GIVEN INFORMATION

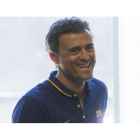 Luis Enrique, a su llegada a la rueda de prensa de este sábado previa a la final de la Copa del Rey que el Barça jugará contra el Sevilla.-JORDI COTRINA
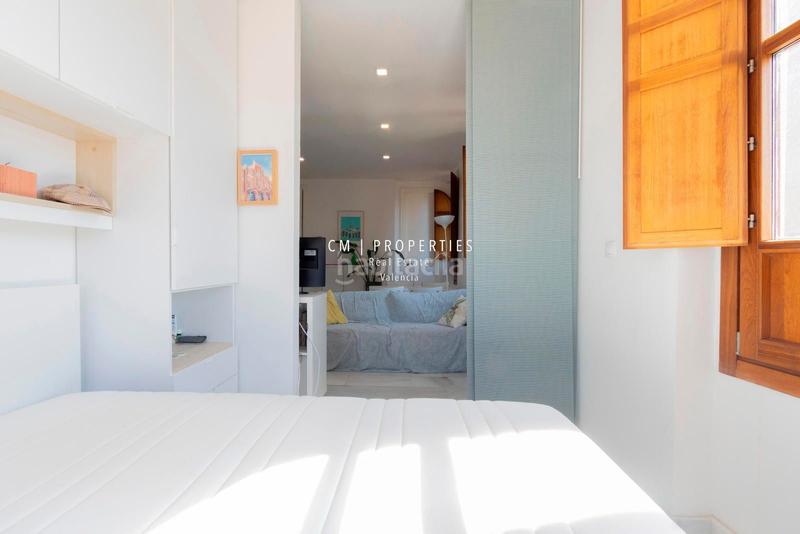 Foto c4929252-3ee1-4ee4-b3d5-d3d332c9c7bc. Alquiler ático  con terraza de dos habitaciones en El Mercat. en Valencia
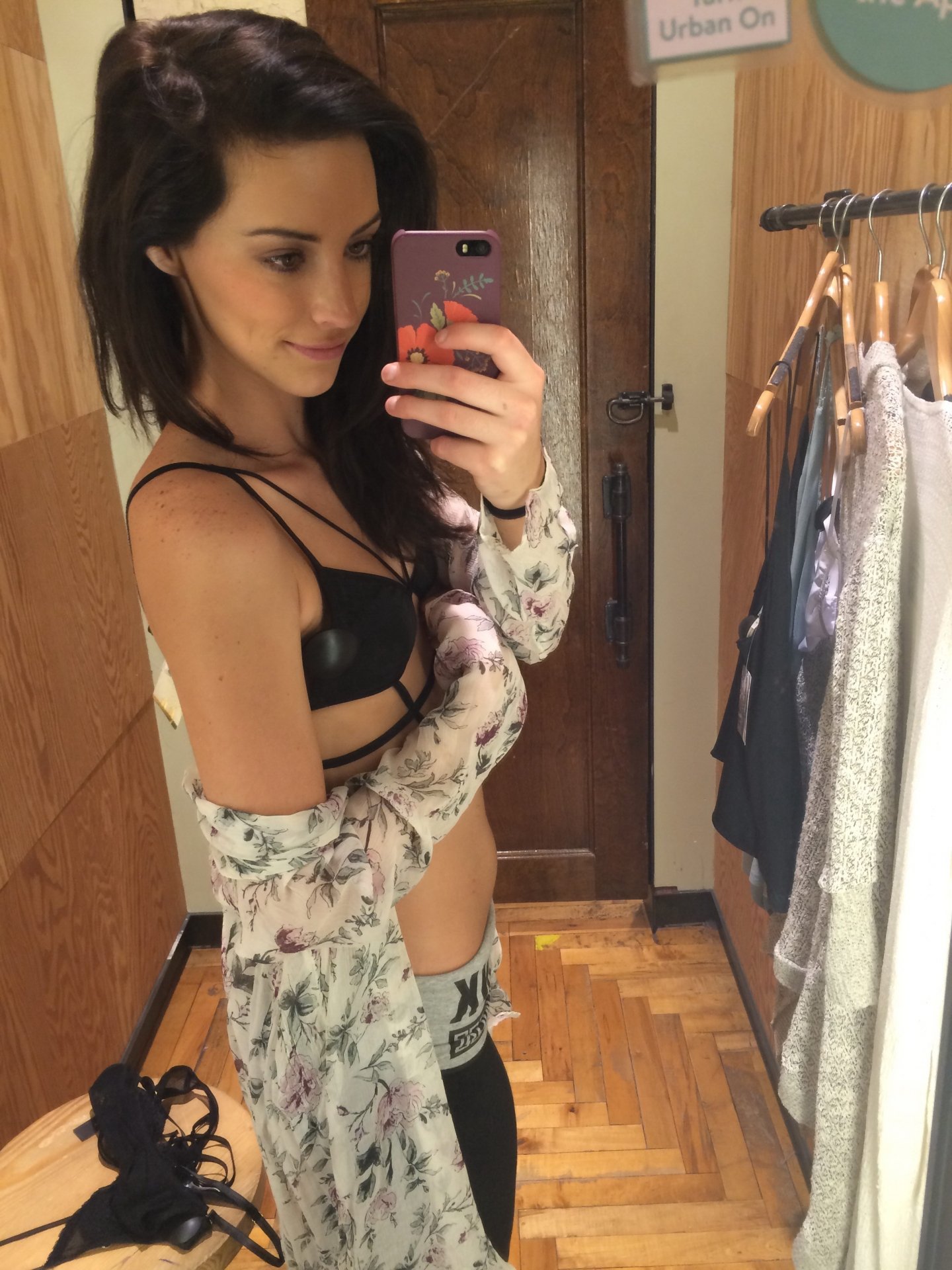 Qu33nInBed from Glasgow City,United Kingdom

PROBLEM STATEMENT
Every line above should be retyped exactly; the pictures do not belong in the copy.

EXERCISE ANSWER
 Luis Enrique, a su llegada a la rueda de prensa de este sábado previa a la final de la Copa del Rey que el Barça jugará contra el Sevilla.-JORDI COTRINA
 Foto c4929252-3ee1-4ee4-b3d5-d3d332c9c7bc. Alquiler ático  con terraza de dos habitaciones en El Mercat. en Valencia
 Qu33nInBed from Glasgow City,United Kingdom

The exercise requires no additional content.